Marc:He works at a seafood restaurant.
Marc:But I kept trying to feel that.
Marc:I felt connected, but it was really a little off because we were just sort of getting each other up to speed and then
Marc:I asked him what kind of guitar he played.
Marc:And I said, I was always looking for a J45.
Marc:And he goes, you want to go to Guitar Center?
Marc:I said, hell yeah.
Marc:I love going to Guitar Center when I'm on the road.
Marc:It's the best thing.
Marc:Maybe I'll find a J45 that I like.
Marc:So we get to the Guitar Center.
Marc:We go into the back, into the acoustic room.
Marc:I'm noodling around on one.
Marc:He's noodling around on one.
Marc:And then we just started playing, man.
Marc:We started playing.
Marc:We started playing our set list from when we were in eighth grade.
Marc:Yeah, we just started those chords, you know, Sweet Virginia by the Stones, Exile in Main Street.
Marc:He was the guy that turned me on to that song.
Marc:He used to bring a tape recorder on the school bus that he had held up to his record player.
Marc:And there was a skip in that song that I couldn't get out of my head for half of my life.

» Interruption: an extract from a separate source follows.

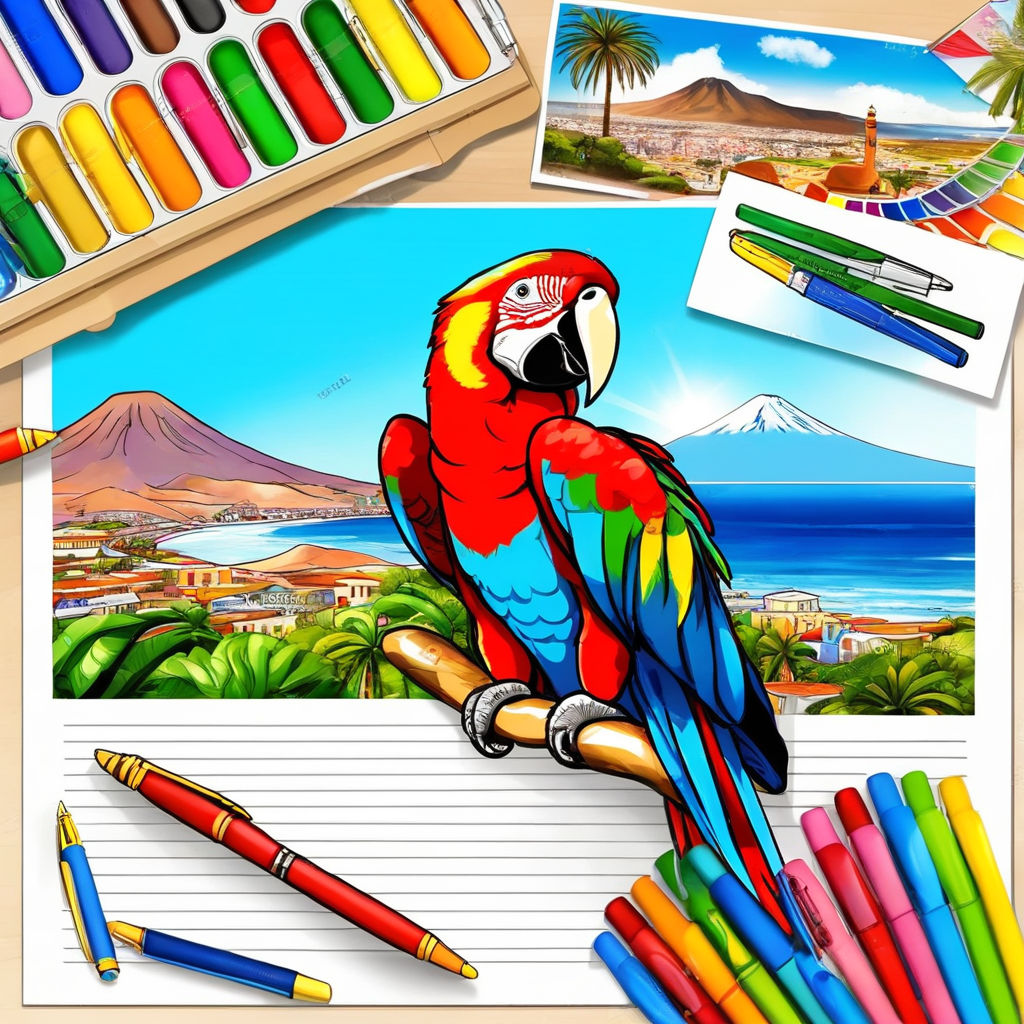 Little Cute Parrot Sits On The Tree Branch And Smiles Stock Illustration -  Download Image Now - iStock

Marc:And we were playing it.
Marc:And then Eric started singing it.
Marc:And then it started to come back.
Marc:And we finished that song and then we just went into Sympathy for the Devil, which was our second on the set list.
Marc:And he sang the whole song and that was where I connected.
Marc:That was where I heard that voice.
Marc:It was the same voice of that kid I knew in eighth grade and it all came back to me.
Marc:And we didn't even finish Sweet Home Alabama because I think we're above that.
Marc:But we left and we felt like, well, we did it, man.
Marc:We did it.
Marc:Full circle.
Marc:All right.
Marc:I'll be in touch.
Marc:It was sweet.
Marc:Did you have a problem with the white chair?
Marc:What exactly was the issue?
Guest:Everything sounds like a lyric.
Guest:That sounds like a Jefferson Starship lyric to me.
Marc:Did you have a problem with the white chair?
Marc:Yeah.
Marc:Anyway.
Marc:So now...
Marc:You, Larry Miller.
Marc:It's good to see you, by the way.
Marc:Oh, yeah, let's start with that.
Marc:You recognize me, you know me.
Marc:Sure, and by the way, we're brothers, we're comics.
Marc:Yes, we are.
Guest:Believe me, you don't got to tell me that.
Guest:And that is not lightly said.
Guest:Nope.
Guest:I met someone last night over at Corolla's, and this whole world of ours, we'll talk about it, but I just adore.
Guest:We can do it now.
Guest:Maybe now would be good.
Guest:But when I say that, I know it sounds knuckleheaded, but I am very fierce about this thing of ours, as comics especially.
Guest:I always thought we should be able to say the Cosa Nostra, because it means our thing.
Guest:That's right.
Marc:And I'm not going to argue with them about it, but I just think that we should get... You're not going to get into an active debate with the actual Cosa Nostra about whether we can use the name or not?
Guest:No, if it comes up, if there's an option on it.
Guest:Yeah.
Guest:By the way, there was when I started doing all these things, too, in podcasts, and there were no Larry Miller names, either for websites.
Guest:Really?
Guest:There was nothing left.
Guest:Oh, I thought you said none existed.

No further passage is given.